Uno cree necesario volver a la idea de “milagro”. Aunque no sea su finalidad, el Diccionario de la Real Academia, el famoso DRAE, nos suele brindar pistas de las distintas formas bajo las que las personas entienden una palabra, el sentido que le dan. Y las dos primeras acepciones de dicho diccionario son éstas. “Hecho no explicable por las leyes naturales y que se atribuye a una intervención sobrenatural de origen divino” y “suceso o cosa rara, extraordinaria y maravillosa”. Como puede apreciarse, la primera acepción refiere siempre el milagro a una acción divina, mientras que la segunda es algo que nace de nuestras limitaciones de conocimiento y por eso mismo nos sorprende.
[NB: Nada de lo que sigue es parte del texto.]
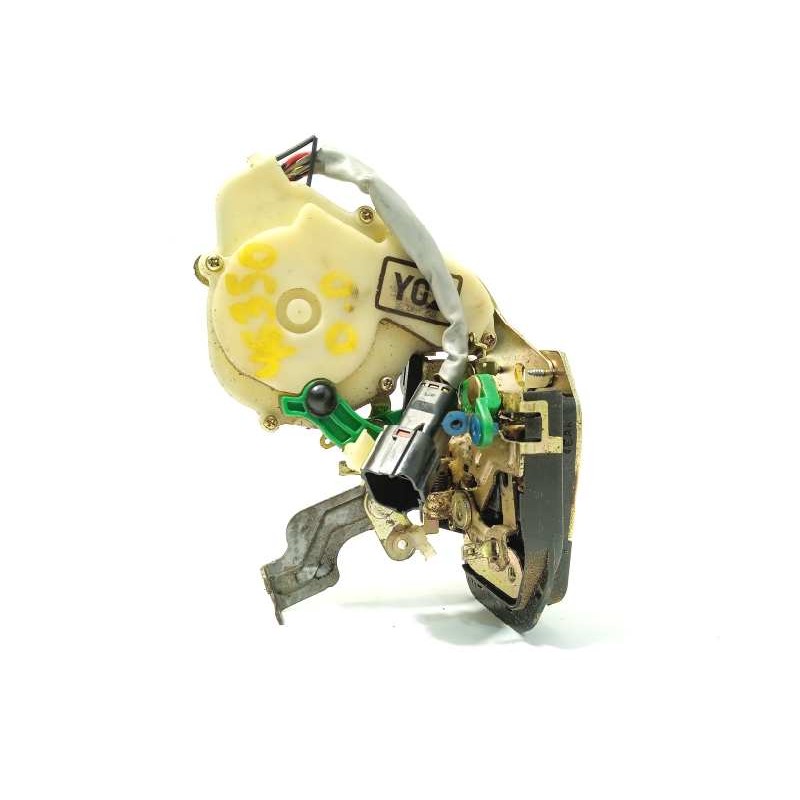 Recambio de cerradura puerta delantera derecha para kia sorento 2.5 crdi ex referencia OEM IAM 813203E010  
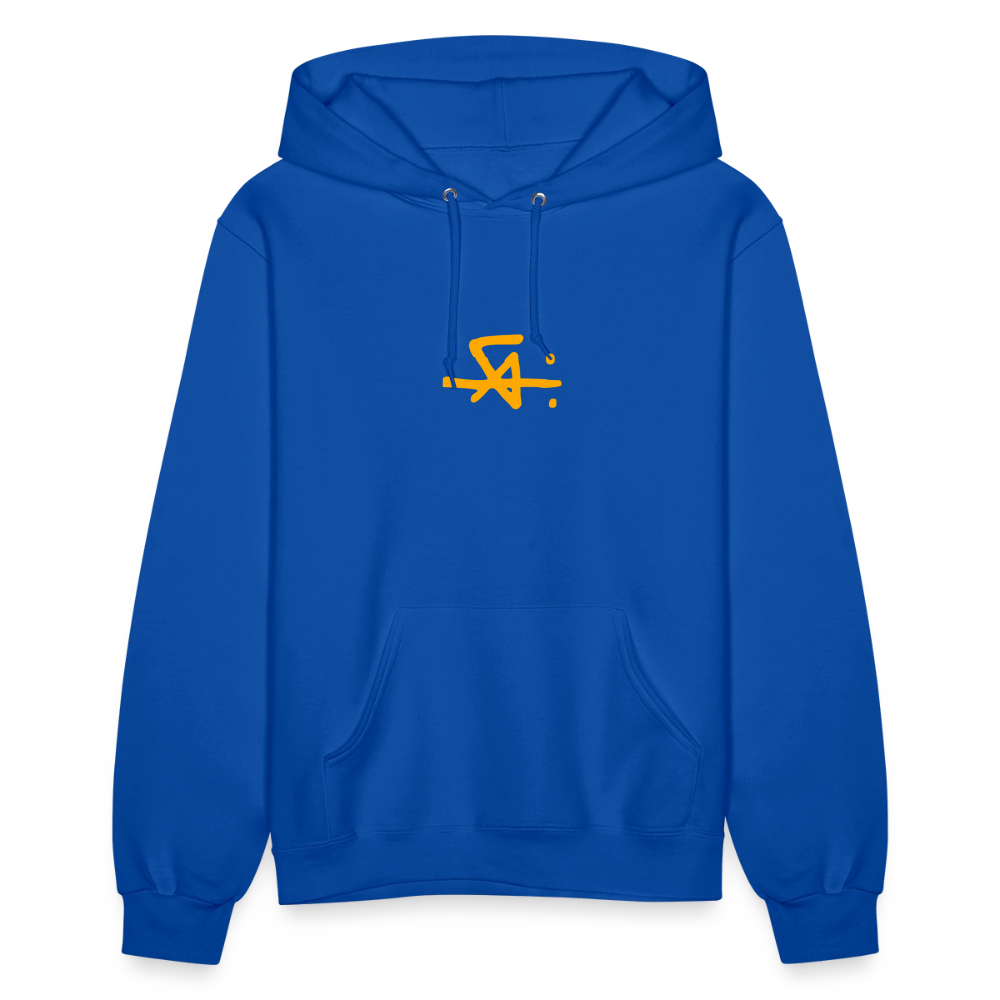 Sana - Women's Hoodie - royal blue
Ribón pretende siempre proporcionar “explicaciones naturales”. Siempre y en todos los casos. Aquí hace frente a la primera de las acepciones de milagro; en otras obras suyas lo hace aportando esas explicaciones naturales al siempre discutido origen del Big Bang. Una tarea ingrata y estéril, ya que trata de aplicar esas explicaciones a hechos cuya narración, de antemano, critica y contradice. Bastaría esa crítica para excusar la explicación. Uno comparte la definición de San Agustín: “milagro llamo a lo que, siendo arduo e insólito, parece rebasar las esperanzas posibles y la capacidad del que lo contempla”.

“Interpretaciones naturales de los milagros de la Biblia.” (210 págs.) es un libro del que es autor Mariano Ribón Sánchez, escrito en 2010 y publicado en mayo del mismo año por la editorial Morales i Torres.